**Material supplied**
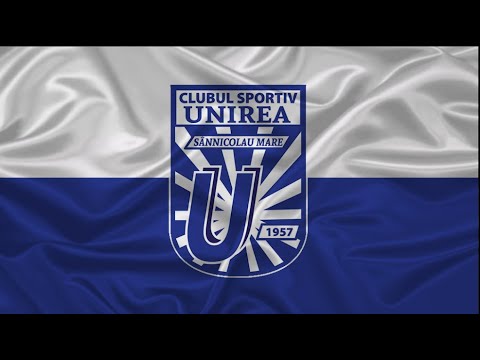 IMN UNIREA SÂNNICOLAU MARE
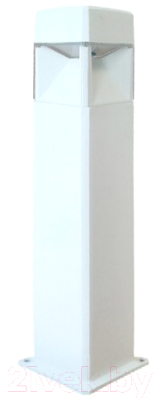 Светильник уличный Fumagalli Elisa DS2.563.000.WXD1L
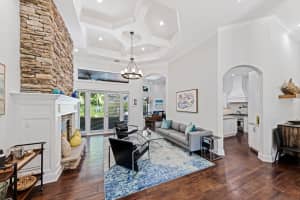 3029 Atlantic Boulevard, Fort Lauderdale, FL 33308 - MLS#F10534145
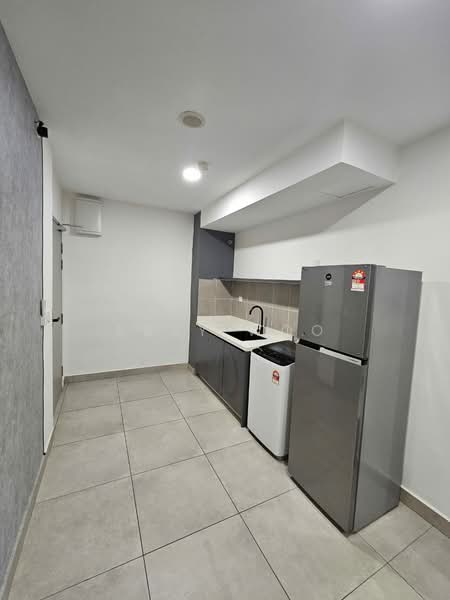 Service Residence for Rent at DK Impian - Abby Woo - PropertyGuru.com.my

---

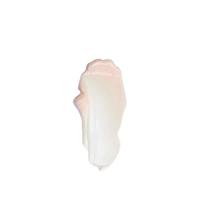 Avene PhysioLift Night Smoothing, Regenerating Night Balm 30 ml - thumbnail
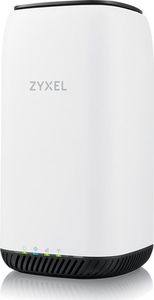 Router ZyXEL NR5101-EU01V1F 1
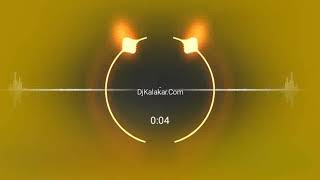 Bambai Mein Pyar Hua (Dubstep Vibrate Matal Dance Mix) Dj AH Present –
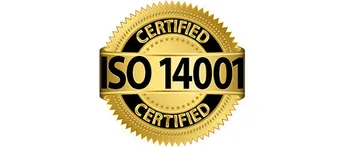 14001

* * *

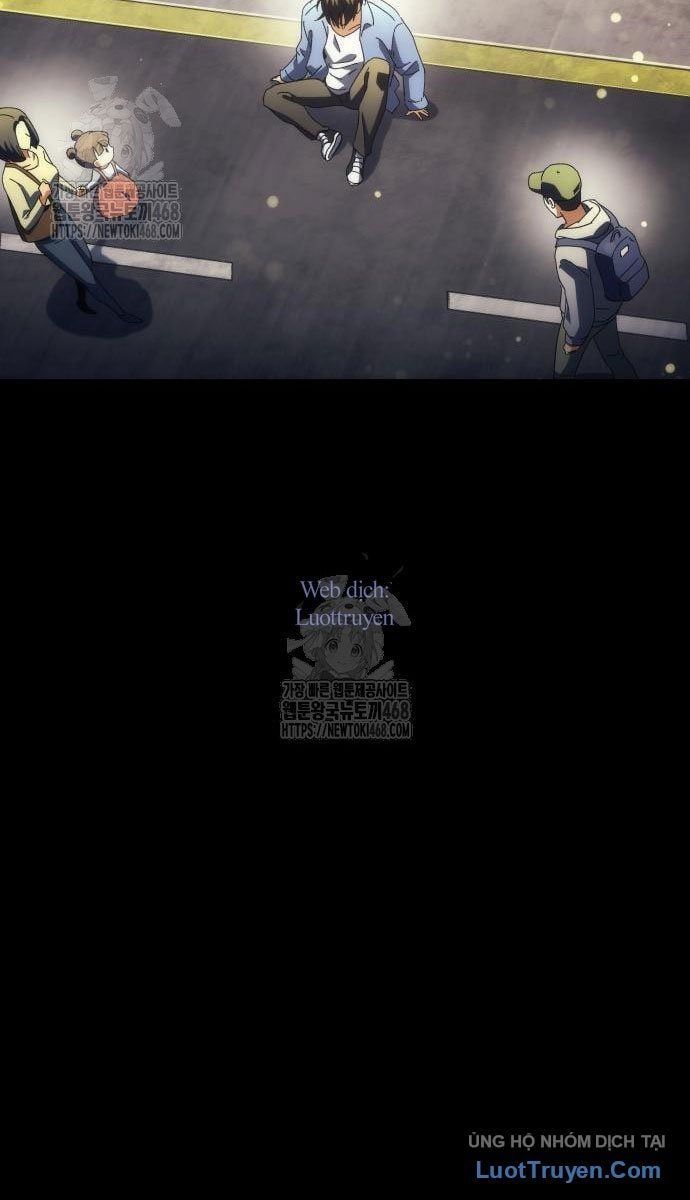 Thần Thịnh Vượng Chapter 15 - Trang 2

**Work item**
What you need to produce is an exact copy of the entries above, limited to the lines from the one with "IMN UNIREA SÂNNICOLAU MARE" up to and including the one with "Service Residence for", without pictures.

**Your response**
 IMN UNIREA SÂNNICOLAU MARE
 Светильник уличный Fumagalli Elisa DS2.563.000.WXD1L
 3029 Atlantic Boulevard, Fort Lauderdale, FL 33308 - MLS#F10534145
 Service Residence for Rent at DK Impian - Abby Woo - PropertyGuru.com.my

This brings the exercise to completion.